■ **Problem description**
A faithful, complete copy of the entries below is required, with images removed.

■ **Dataset records**
□ □ □ □ □
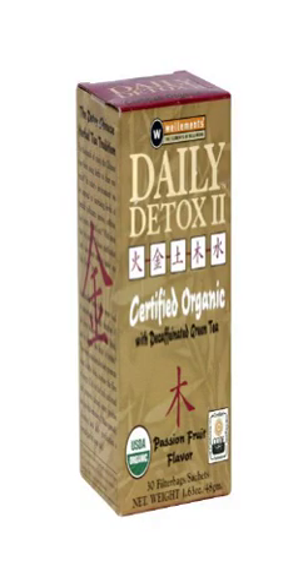Daily Detox 2 Passion Fruit, 30 bags. Daily Detox 2 Passion Fruit is an herbal formulation to support the body in ridding potentially harmful toxins and cleanse the blood, which may enhance health, vitality and longevity. This formula may be more effective when alternated with the original formula.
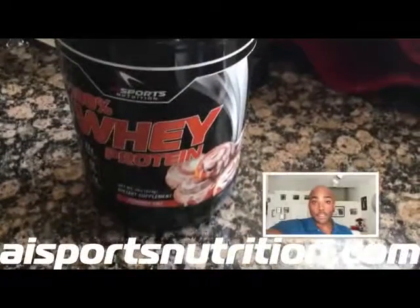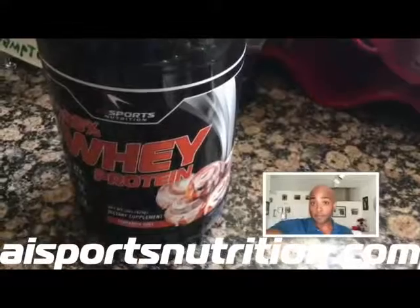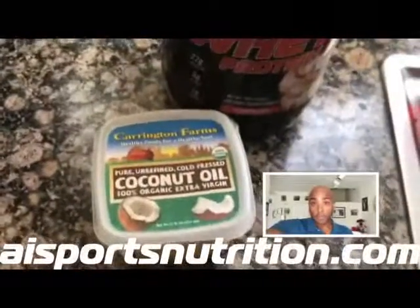Now for this recipe, all you need is 100% whey protein cinnamon bun flavor, coconut oil, and coffee.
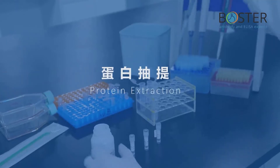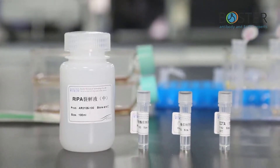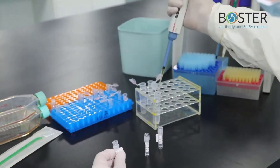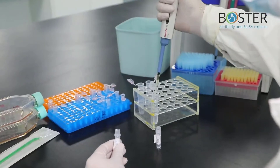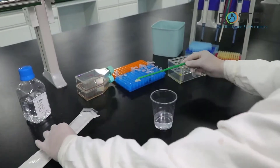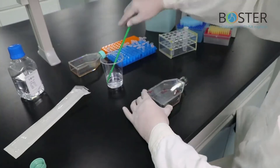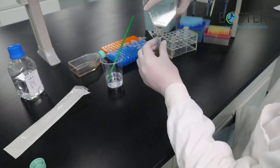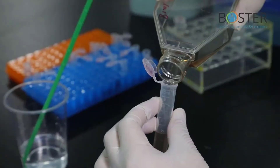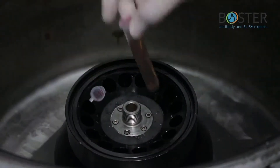Step 2: Protein extraction. These are the products needed for the protein extraction process. Configure lysate — estimate the total amount of sample to prepare lysate. Add 10 µL of protease inhibitor and 10 µL of phosphatase inhibitor per 1 mL of lysate. For adherent cells, scrape off cells with a cell scraper and transfer the culture medium containing the cells to a centrifuge tube. For suspension cells, shake the flask gently and transfer the culture medium to a centrifuge tube. Centrifuge at 3000 RPM for 3 minutes.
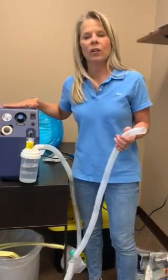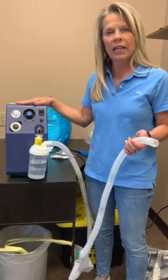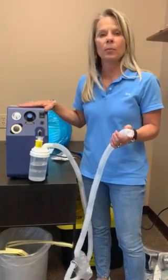Today we're going to go over an air compressor, which we use with trach patients. This is what gives them the humidification. Since they're going to bypass their natural ability to humidify the air, they usually use an air compressor.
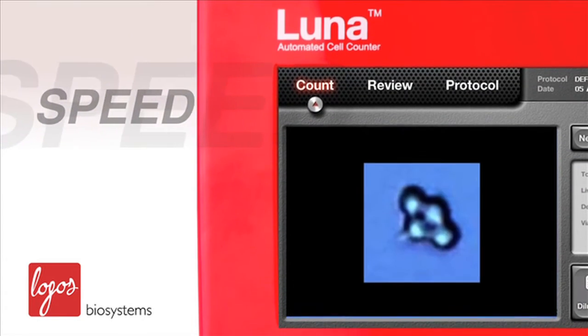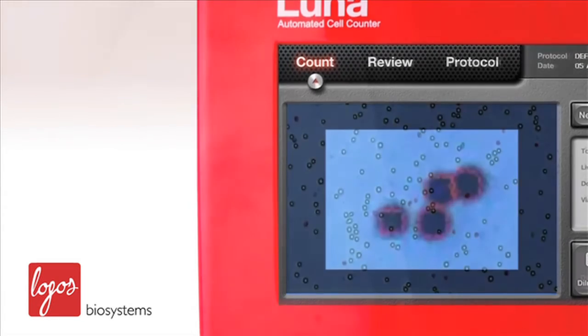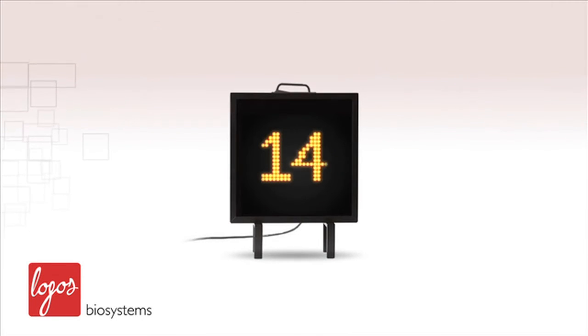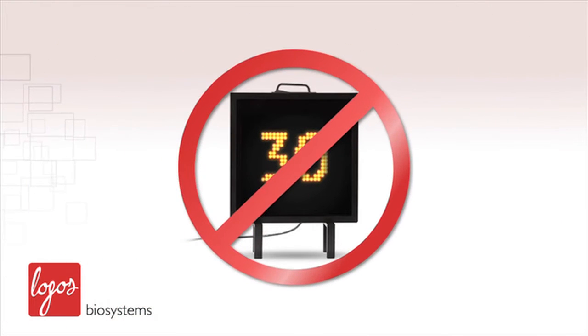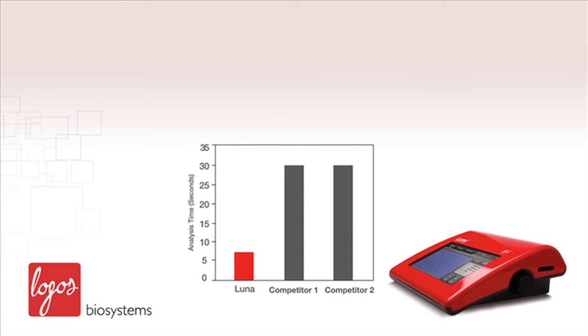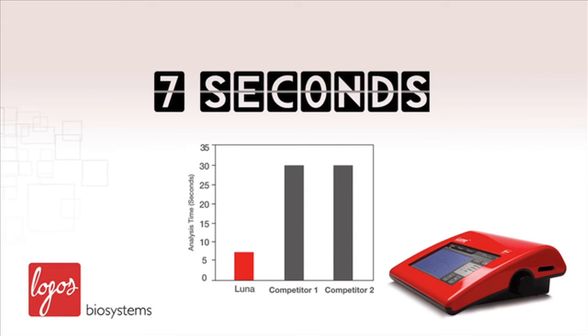The speed of the LUNA automated cell counter will blow you away. All image-based cell counters utilize image analysis software to extract and analyze features of cells, but this process usually takes more than 30 seconds. The LUNA integrates faster computing power to reduce the analysis time to only 7 seconds — about 5 times faster than other cell counters.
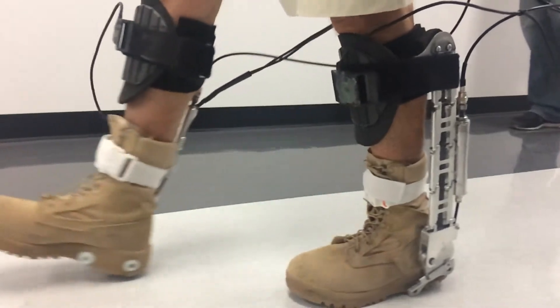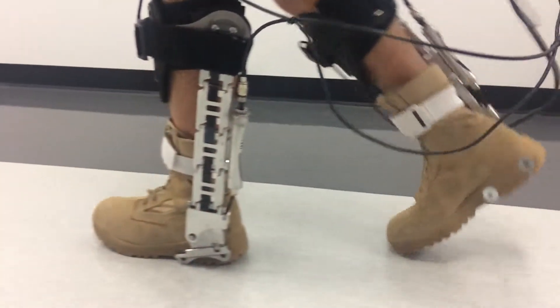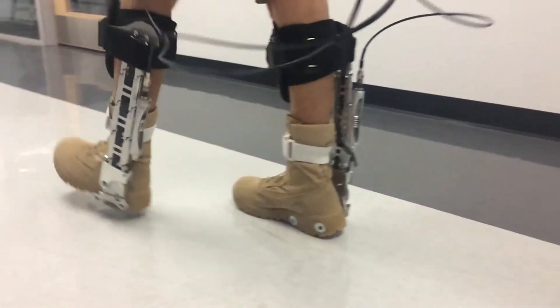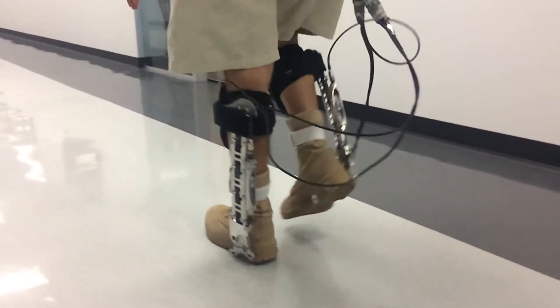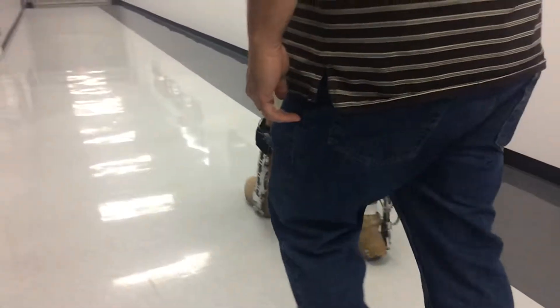We're hoping to continue to explore this and see if there's any utility in this for offloading patients or increasing patient stability. Patients who may have problems walking or weakness — maybe people who are still rehabilitating from a hip fracture — have a lot of possibility with this device.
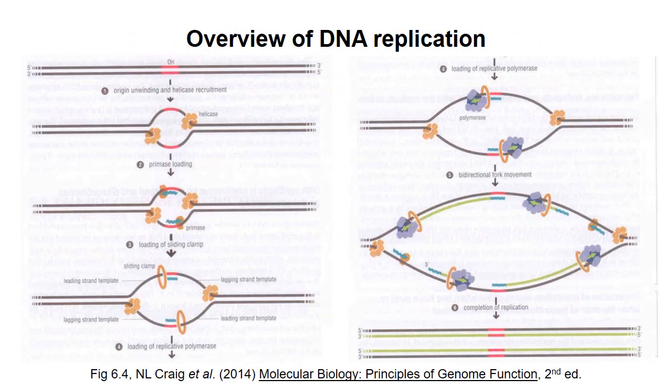Replication begins at replication origins, locations at which the two strands of DNA are pulled apart to form a replication bubble. At first, one copy of helicase exists at each replication fork. Because DNA polymerase can't synthesize a new strand given only a template, a primase enzyme synthesizes a short RNA primer on each template strand. The primer provides a 3' end to which the replicative DNA polymerase can add nucleotides.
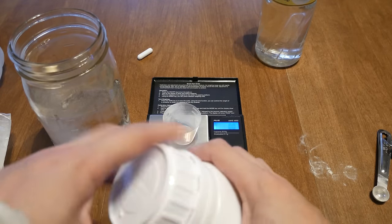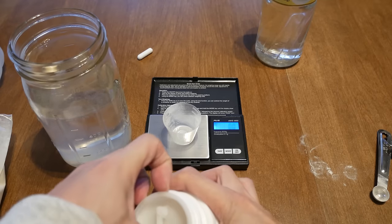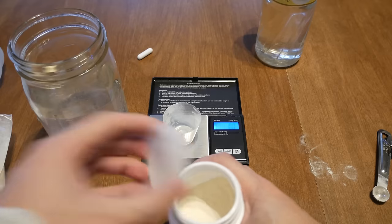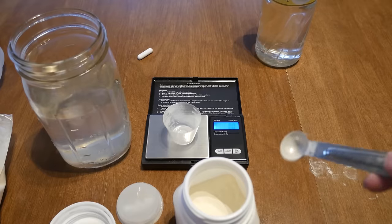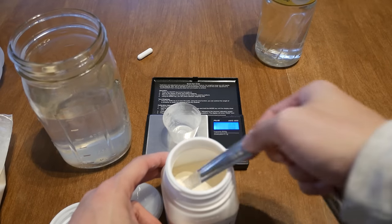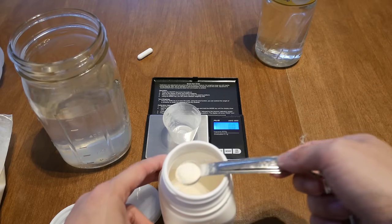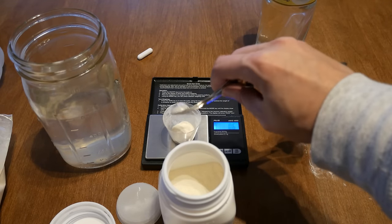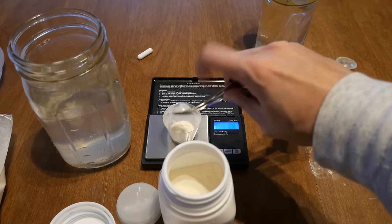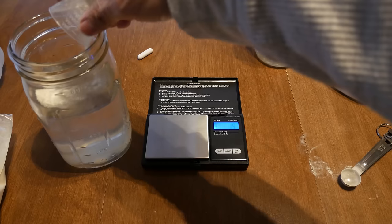And finally, we're going to measure out one gram of peptone — this is bacteriological peptone. This stuff is pretty light and fluffy. One gram of peptone is roughly half a teaspoon in volume. We'll dump that into the mixture as well.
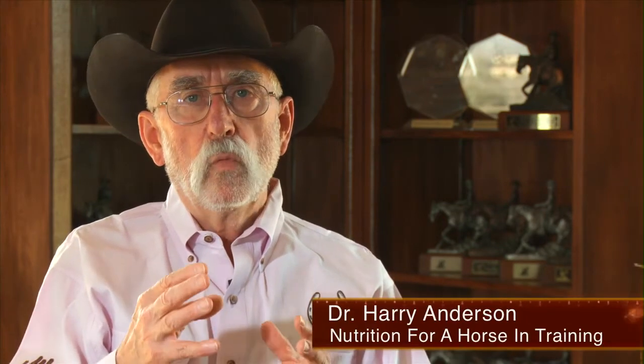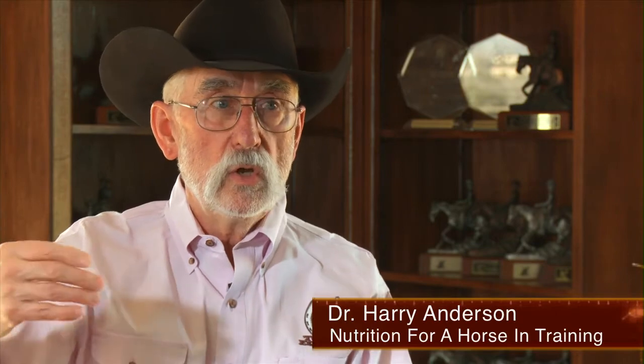These young horses, even though they eat a higher percent of body weight than the older mature horse, they still can't get the total volume of nutrients if they can't get enough of that hay. So we have to monitor the digestibility. We have to make sure we have a full complement of protein, minerals, and vitamins in the program, and we need to feed a higher percent of body weight than we do for the mature horse or even for the working horse that's mature.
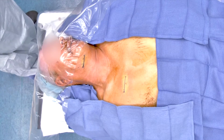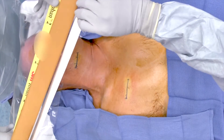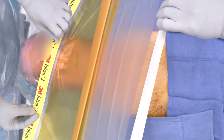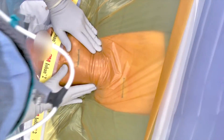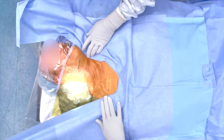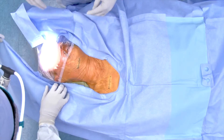And then we're going to follow that with the ioban, which is done by the aid of an assistant. We'll start towards the face and have them pull the ioban inferiorly and then compress the ioban onto the skin. Sterility is extremely important in this operation to avoid any chance of infection, which is obviously a big disaster for these patients. So we do everything we possibly can to stay as sterile as possible.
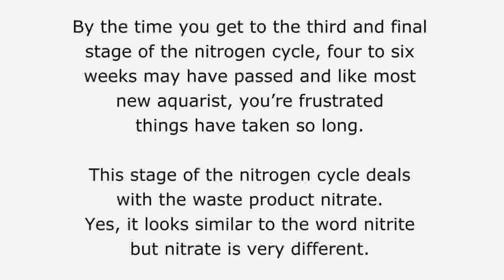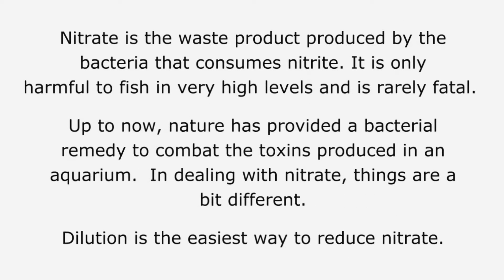By the time you get to the third and final stage of the nitrogen cycle, four to six weeks may have passed and like most new Aquarists, you are frustrated things have taken so long. This stage of the nitrogen cycle deals with the waste product nitrate. It looks similar to the word nitrite, but nitrate is very different. Nitrate is the waste product produced by the bacteria that consumes nitrite. It is only harmful to fish in very high levels and is rarely fatal. Up to now, nature has provided a bacterial remedy to combat the toxins produced in an aquarium, but in dealing with nitrate, things are a bit different.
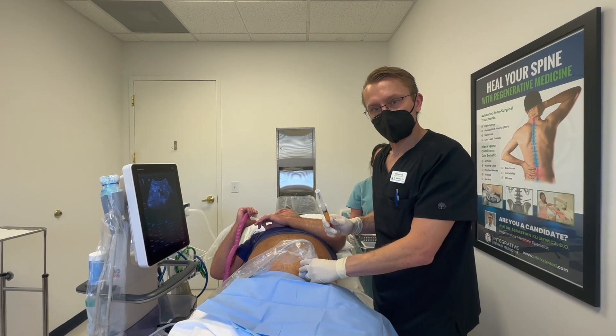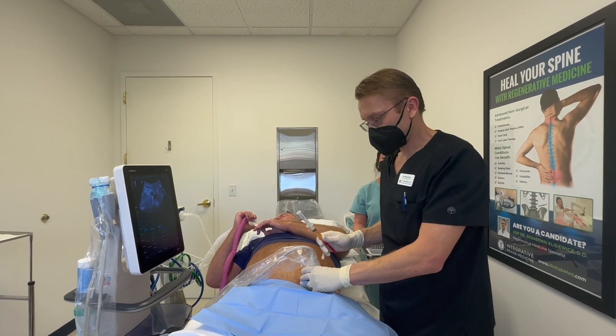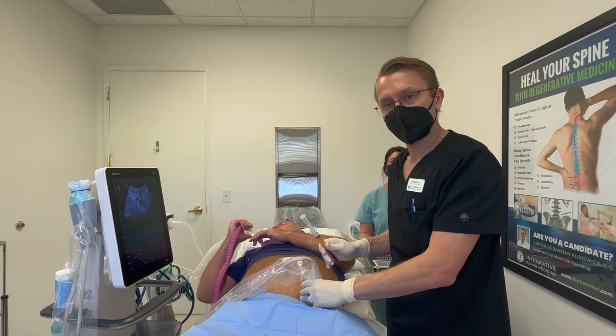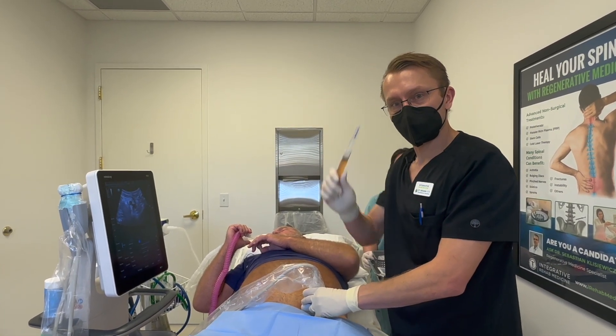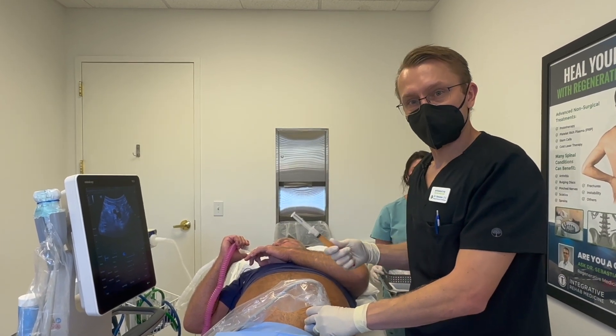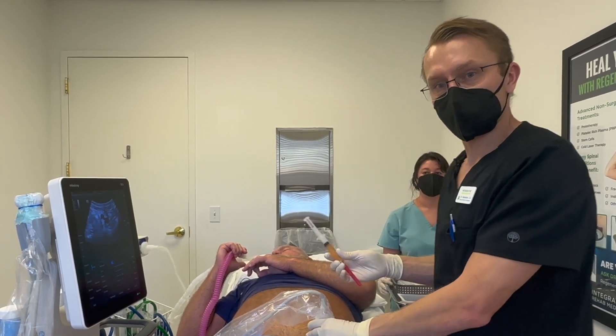For the best treatment of the hip joint, we have to treat all the surrounding tendons and ligaments. He has some other injuries to the adductors and some of the hip flexors, so we're going to use some PRP with a little bit of lysate as well and inject those areas. That's going to help stimulate the healing and protect the joint while it's healing from the bone marrow stem cells.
□ □ □ □ □
■ **Answer area**
Daily Detox 2 Passion Fruit, 30 bags. Daily Detox 2 Passion Fruit is an herbal formulation to support the body in ridding potentially harmful toxins and cleanse the blood, which may enhance health, vitality and longevity. This formula may be more effective when alternated with the original formula.
Now for this recipe, all you need is 100% whey protein cinnamon bun flavor, coconut oil, and coffee.
Step 2: Protein extraction. These are the products needed for the protein extraction process. Configure lysate — estimate the total amount of sample to prepare lysate. Add 10 µL of protease inhibitor and 10 µL of phosphatase inhibitor per 1 mL of lysate. For adherent cells, scrape off cells with a cell scraper and transfer the culture medium containing the cells to a centrifuge tube. For suspension cells, shake the flask gently and transfer the culture medium to a centrifuge tube. Centrifuge at 3000 RPM for 3 minutes.
Today we're going to go over an air compressor, which we use with trach patients. This is what gives them the humidification. Since they're going to bypass their natural ability to humidify the air, they usually use an air compressor.
The speed of the LUNA automated cell counter will blow you away. All image-based cell counters utilize image analysis software to extract and analyze features of cells, but this process usually takes more than 30 seconds. The LUNA integrates faster computing power to reduce the analysis time to only 7 seconds — about 5 times faster than other cell counters.
We're hoping to continue to explore this and see if there's any utility in this for offloading patients or increasing patient stability. Patients who may have problems walking or weakness — maybe people who are still rehabilitating from a hip fracture — have a lot of possibility with this device.
Replication begins at replication origins, locations at which the two strands of DNA are pulled apart to form a replication bubble. At first, one copy of helicase exists at each replication fork. Because DNA polymerase can't synthesize a new strand given only a template, a primase enzyme synthesizes a short RNA primer on each template strand. The primer provides a 3' end to which the replicative DNA polymerase can add nucleotides.
And finally, we're going to measure out one gram of peptone — this is bacteriological peptone. This stuff is pretty light and fluffy. One gram of peptone is roughly half a teaspoon in volume. We'll dump that into the mixture as well.
These young horses, even though they eat a higher percent of body weight than the older mature horse, they still can't get the total volume of nutrients if they can't get enough of that hay. So we have to monitor the digestibility. We have to make sure we have a full complement of protein, minerals, and vitamins in the program, and we need to feed a higher percent of body weight than we do for the mature horse or even for the working horse that's mature.
And then we're going to follow that with the ioban, which is done by the aid of an assistant. We'll start towards the face and have them pull the ioban inferiorly and then compress the ioban onto the skin. Sterility is extremely important in this operation to avoid any chance of infection, which is obviously a big disaster for these patients. So we do everything we possibly can to stay as sterile as possible.
By the time you get to the third and final stage of the nitrogen cycle, four to six weeks may have passed and like most new Aquarists, you are frustrated things have taken so long. This stage of the nitrogen cycle deals with the waste product nitrate. It looks similar to the word nitrite, but nitrate is very different. Nitrate is the waste product produced by the bacteria that consumes nitrite. It is only harmful to fish in very high levels and is rarely fatal. Up to now, nature has provided a bacterial remedy to combat the toxins produced in an aquarium, but in dealing with nitrate, things are a bit different.
For the best treatment of the hip joint, we have to treat all the surrounding tendons and ligaments. He has some other injuries to the adductors and some of the hip flexors, so we're going to use some PRP with a little bit of lysate as well and inject those areas. That's going to help stimulate the healing and protect the joint while it's healing from the bone marrow stem cells.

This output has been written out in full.